The setting was regal — a baithak on Azimganj House Rooftop in Kolkata. The singer was Aruna Sairam. The concert was part of Bickram Ghosh’s Taal Connect series and hosted by Suman Sarawgi and Sangeeta Dudhoria.
An engaging performer and a warm conversationalist, the Carnatic exponent developed an instant connect with the audience with her multilingual renditions, which were both educative and entertaining.
The word edu-tainment is a recent coinage, but this had always been the main component of ancient teaching methodology. Sangeet (inclusive of vocal, instrumental and dance) and natak (drama) play a vital role in educating keen students and uninformed masses. Its oldest form was saam-gaan, followed by marg sangeet and natya along with numerous desi genres. The medieval India did this through compositions by saint-poets, Kathakata (Kathak) or enactment of Ramleela etc.
It is more relevant today because of the need for holistic knowledge. Indian music is high in demand due to its scientific, philosophic and mythical appeal and above all its calming effect. This global interest in Indian arts has unearthed numerous edu-tainers like Aruna Sairam.

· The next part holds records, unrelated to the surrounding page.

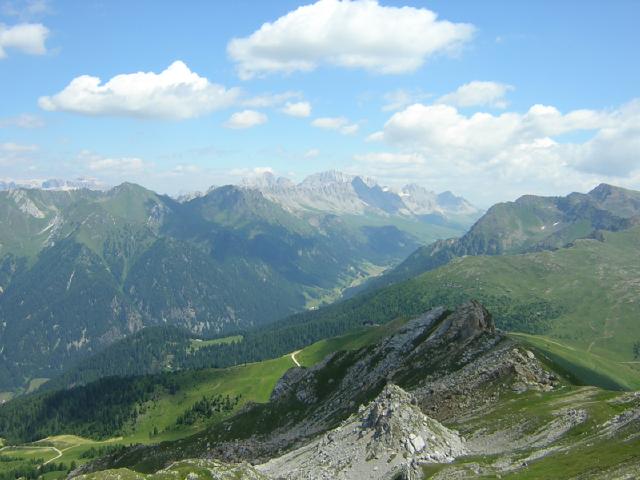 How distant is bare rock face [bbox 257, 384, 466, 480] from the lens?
7650 centimetres

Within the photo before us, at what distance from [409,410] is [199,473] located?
111 ft

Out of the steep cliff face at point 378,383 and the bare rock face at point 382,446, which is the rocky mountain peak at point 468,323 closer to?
the steep cliff face at point 378,383

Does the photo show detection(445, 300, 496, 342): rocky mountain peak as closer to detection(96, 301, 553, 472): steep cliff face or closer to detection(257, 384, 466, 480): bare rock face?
detection(96, 301, 553, 472): steep cliff face

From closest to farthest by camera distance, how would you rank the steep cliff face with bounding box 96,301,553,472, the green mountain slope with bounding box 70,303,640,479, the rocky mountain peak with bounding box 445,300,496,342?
the green mountain slope with bounding box 70,303,640,479, the steep cliff face with bounding box 96,301,553,472, the rocky mountain peak with bounding box 445,300,496,342

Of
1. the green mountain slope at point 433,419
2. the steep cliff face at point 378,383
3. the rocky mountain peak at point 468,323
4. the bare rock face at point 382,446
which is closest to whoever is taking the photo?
the green mountain slope at point 433,419

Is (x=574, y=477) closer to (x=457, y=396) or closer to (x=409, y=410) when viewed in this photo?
(x=409, y=410)

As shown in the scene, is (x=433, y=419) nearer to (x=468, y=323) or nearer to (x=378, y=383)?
(x=378, y=383)

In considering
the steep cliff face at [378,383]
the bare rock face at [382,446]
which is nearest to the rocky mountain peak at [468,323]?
the steep cliff face at [378,383]

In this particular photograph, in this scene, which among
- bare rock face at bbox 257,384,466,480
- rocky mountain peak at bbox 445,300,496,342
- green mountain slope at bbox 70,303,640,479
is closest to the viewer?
green mountain slope at bbox 70,303,640,479

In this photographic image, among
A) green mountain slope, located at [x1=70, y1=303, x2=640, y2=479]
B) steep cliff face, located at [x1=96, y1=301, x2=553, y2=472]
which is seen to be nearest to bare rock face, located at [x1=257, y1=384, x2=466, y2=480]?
green mountain slope, located at [x1=70, y1=303, x2=640, y2=479]

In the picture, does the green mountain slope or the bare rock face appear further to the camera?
the bare rock face

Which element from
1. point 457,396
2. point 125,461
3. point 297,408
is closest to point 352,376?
point 297,408

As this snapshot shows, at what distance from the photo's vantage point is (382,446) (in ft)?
262

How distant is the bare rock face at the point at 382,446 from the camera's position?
251 ft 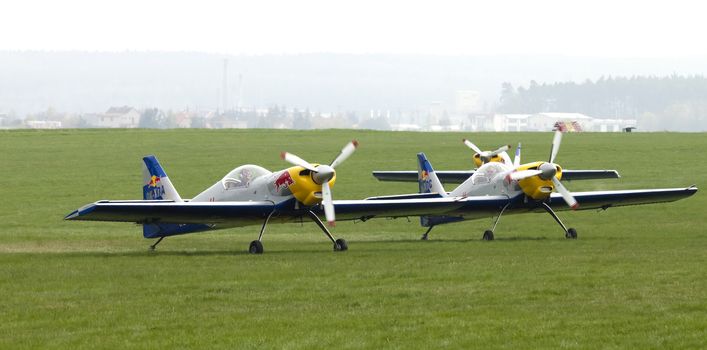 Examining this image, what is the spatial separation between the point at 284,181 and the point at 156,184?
4.28 m

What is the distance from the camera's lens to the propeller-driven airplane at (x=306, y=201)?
1131 inches

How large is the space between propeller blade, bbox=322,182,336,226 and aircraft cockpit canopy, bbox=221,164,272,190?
6.68ft

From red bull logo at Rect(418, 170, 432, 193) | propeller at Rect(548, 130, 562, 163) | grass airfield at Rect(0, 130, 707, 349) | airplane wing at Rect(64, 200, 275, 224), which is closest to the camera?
grass airfield at Rect(0, 130, 707, 349)

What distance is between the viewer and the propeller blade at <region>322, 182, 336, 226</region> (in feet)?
91.9

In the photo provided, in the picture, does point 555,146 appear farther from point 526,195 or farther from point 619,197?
point 619,197


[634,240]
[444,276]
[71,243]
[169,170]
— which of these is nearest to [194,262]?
[444,276]

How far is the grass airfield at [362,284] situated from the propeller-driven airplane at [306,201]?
80cm

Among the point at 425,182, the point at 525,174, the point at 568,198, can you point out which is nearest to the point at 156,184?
the point at 425,182

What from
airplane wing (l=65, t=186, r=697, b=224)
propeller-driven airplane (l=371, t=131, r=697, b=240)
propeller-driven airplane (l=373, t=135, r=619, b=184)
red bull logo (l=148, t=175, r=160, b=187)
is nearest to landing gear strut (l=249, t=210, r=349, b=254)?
airplane wing (l=65, t=186, r=697, b=224)

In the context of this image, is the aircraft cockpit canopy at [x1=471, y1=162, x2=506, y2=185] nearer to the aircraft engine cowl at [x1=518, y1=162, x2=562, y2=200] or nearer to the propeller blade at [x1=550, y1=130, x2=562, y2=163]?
the aircraft engine cowl at [x1=518, y1=162, x2=562, y2=200]

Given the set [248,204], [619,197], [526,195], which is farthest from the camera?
[619,197]

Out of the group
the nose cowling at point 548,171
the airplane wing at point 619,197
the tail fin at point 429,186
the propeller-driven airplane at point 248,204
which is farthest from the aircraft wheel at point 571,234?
the propeller-driven airplane at point 248,204

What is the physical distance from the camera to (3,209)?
4562cm

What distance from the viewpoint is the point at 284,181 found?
29.2 m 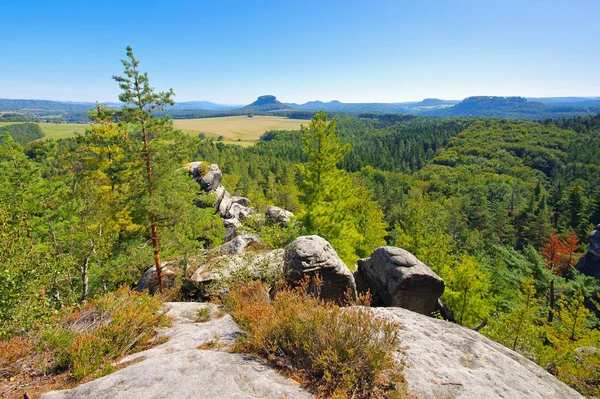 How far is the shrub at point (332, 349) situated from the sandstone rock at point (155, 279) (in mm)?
12329

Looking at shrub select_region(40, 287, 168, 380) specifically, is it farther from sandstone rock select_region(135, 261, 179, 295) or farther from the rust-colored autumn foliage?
the rust-colored autumn foliage

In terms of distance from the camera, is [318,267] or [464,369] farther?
[318,267]

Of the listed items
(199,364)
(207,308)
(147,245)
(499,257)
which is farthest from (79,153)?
(499,257)

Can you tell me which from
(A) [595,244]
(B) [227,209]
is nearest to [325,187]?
(B) [227,209]

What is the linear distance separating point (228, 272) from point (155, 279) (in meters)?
6.48

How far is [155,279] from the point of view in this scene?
18.4 m

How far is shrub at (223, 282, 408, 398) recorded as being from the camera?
18.8 feet

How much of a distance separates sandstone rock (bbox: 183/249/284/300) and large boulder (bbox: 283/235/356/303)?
2.18 ft

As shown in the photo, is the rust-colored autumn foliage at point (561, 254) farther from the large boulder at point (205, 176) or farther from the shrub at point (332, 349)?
the shrub at point (332, 349)

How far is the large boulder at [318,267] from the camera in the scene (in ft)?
45.7

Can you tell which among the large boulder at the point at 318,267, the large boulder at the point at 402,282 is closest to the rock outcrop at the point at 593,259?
the large boulder at the point at 402,282

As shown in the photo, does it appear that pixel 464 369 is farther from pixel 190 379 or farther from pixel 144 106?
pixel 144 106

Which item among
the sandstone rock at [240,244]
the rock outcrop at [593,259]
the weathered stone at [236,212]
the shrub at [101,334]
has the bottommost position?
the rock outcrop at [593,259]

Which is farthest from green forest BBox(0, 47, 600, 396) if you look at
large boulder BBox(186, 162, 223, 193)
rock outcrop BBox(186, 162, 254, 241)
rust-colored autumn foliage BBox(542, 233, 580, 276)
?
rust-colored autumn foliage BBox(542, 233, 580, 276) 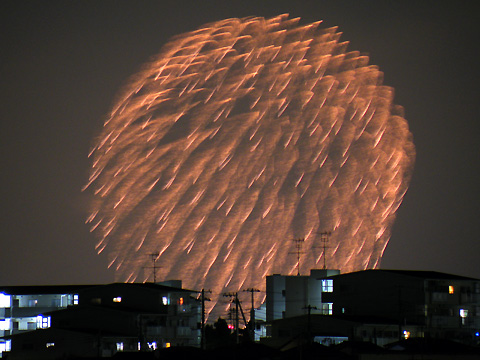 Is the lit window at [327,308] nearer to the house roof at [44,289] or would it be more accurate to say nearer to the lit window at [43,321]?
the house roof at [44,289]

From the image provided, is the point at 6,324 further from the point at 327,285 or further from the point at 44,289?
the point at 327,285

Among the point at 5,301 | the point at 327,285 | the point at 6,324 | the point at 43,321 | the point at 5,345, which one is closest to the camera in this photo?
the point at 5,345

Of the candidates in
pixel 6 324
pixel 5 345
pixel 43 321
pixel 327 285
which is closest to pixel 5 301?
pixel 6 324

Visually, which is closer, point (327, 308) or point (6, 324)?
point (6, 324)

Aruna began her concert with ‘Shree Vighnarajam Bhaje’ (Gambhira Natai, khanda nadai). The flawlessly chiseled Sanskrit lyrics, embellished with swaraprastaras, ended with a tihai of ‘bhaje’. Her learned accompanists were Padma Shankar and J. Vaidyanathan on the violin and mridangam respectively. The inclusion of senior tabla artiste Apurba Mukherjee was a clear indication that Aruna was in a collaborative mood.
She chose Hindolam (Malkauns in Hindustani parlance) to elaborate the popular ‘Sarva mangala maangalye’, extoling Durga. The powerful raga and her equally commanding voice-throw gelled well with this pranaam mantra — free from any binding tala cycle. It was followed by Adi-tala based ‘Maamavatu shree Saraswati’ replete with jati-display, sol-fa-singing in a dialogue form that interacted with mridangam and tabla one by one and then all of them together. The idea of using aroh-avaroha as the ground of rhythm-play was well-executed by all. A small piece on the tabla stood out for the variety of bols used.

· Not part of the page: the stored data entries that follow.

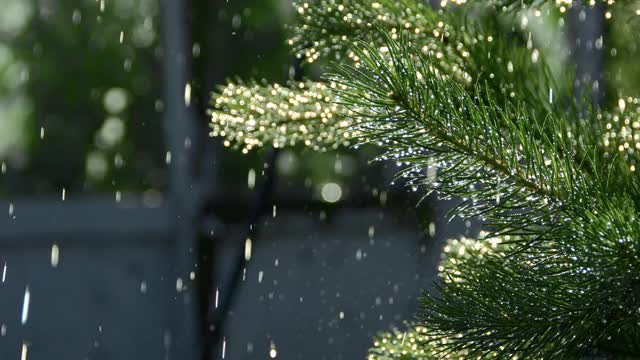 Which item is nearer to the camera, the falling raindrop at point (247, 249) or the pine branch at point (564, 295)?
the pine branch at point (564, 295)

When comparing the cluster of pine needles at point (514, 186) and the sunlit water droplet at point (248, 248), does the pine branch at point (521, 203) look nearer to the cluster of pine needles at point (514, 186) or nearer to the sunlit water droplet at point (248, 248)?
the cluster of pine needles at point (514, 186)

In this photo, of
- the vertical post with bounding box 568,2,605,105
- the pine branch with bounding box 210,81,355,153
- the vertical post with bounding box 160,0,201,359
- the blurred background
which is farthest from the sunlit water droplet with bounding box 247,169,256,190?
the pine branch with bounding box 210,81,355,153

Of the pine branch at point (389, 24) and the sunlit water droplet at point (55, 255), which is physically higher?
the pine branch at point (389, 24)

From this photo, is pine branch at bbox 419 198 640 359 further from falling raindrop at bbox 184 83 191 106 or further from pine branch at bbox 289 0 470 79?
falling raindrop at bbox 184 83 191 106

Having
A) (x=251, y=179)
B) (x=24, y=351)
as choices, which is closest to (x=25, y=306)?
(x=24, y=351)

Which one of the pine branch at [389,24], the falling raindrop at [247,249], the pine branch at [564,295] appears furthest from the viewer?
the falling raindrop at [247,249]

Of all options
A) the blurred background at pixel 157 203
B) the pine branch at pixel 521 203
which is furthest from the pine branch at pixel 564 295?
the blurred background at pixel 157 203

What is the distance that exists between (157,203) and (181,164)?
16 centimetres

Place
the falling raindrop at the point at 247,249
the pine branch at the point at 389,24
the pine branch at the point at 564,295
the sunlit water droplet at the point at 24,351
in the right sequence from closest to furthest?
1. the pine branch at the point at 564,295
2. the pine branch at the point at 389,24
3. the sunlit water droplet at the point at 24,351
4. the falling raindrop at the point at 247,249

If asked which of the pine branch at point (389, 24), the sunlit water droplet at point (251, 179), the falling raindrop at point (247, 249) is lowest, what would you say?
the falling raindrop at point (247, 249)

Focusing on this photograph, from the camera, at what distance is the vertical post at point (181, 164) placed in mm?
2617

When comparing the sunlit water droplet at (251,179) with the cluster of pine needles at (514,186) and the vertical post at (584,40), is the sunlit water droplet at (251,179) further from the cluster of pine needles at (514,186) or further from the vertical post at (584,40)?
the cluster of pine needles at (514,186)

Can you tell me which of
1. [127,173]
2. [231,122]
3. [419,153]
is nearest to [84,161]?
[127,173]

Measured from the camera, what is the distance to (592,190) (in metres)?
0.60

This typically Carnatic beginning took an interesting turn when she sang ‘Neelambike maam paahi’ beseeching Devi Meenakshi to protect; but not before singing an Italian chant exalting mother that sounded like raga Kalyani (Yaman). The anecdote associated with the chant was as emotive as the original Gregorian chant. Later she lovingly blended both at her own pace. The next piece was a pictorial description of Ganapati visarjana in Marathi that captured Mumbai’s frenzy in fast Adi-tala and Vrindavani Sarang based song along with heavy gamak-induced vowel taans. An English band-influenced raga (Kadana Kutuhalam) and its composition maintaining the typical off beat beginning and ending of Western music was her next gem. In fast Adi tala her rhythm play during swaraprastara was lively.

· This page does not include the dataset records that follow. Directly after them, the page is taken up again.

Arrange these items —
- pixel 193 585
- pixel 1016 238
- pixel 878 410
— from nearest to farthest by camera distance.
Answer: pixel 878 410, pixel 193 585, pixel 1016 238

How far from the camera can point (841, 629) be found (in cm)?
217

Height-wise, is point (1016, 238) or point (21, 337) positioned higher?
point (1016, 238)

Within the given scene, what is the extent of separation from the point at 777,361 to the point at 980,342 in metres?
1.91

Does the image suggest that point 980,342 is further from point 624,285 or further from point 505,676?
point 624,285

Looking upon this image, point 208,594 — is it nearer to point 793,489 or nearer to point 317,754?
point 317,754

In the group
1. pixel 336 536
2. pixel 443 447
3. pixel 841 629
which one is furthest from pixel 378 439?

Aruna judiciously edited her main piece in Kiravani. The ragam and a brief tanam segments were followed by violin beautifully. Caressed by her lyric-based improvisations and swaraprastatas, the pallavi unfurled itself petal by petal. The tani avartanam shared by mridangam and tabla was full of zing. Thereafter, in quick succession, she rendered an exuberant ‘Jago tumi jago’ (Bengali) and drew its similarity with Lalita Sahasranama and Mahishasurmardini. A tillana (16th century) was studded with a rap-like long kavitta describing Kaliya-mardana. Its modulation was as attractive as the presentation herself.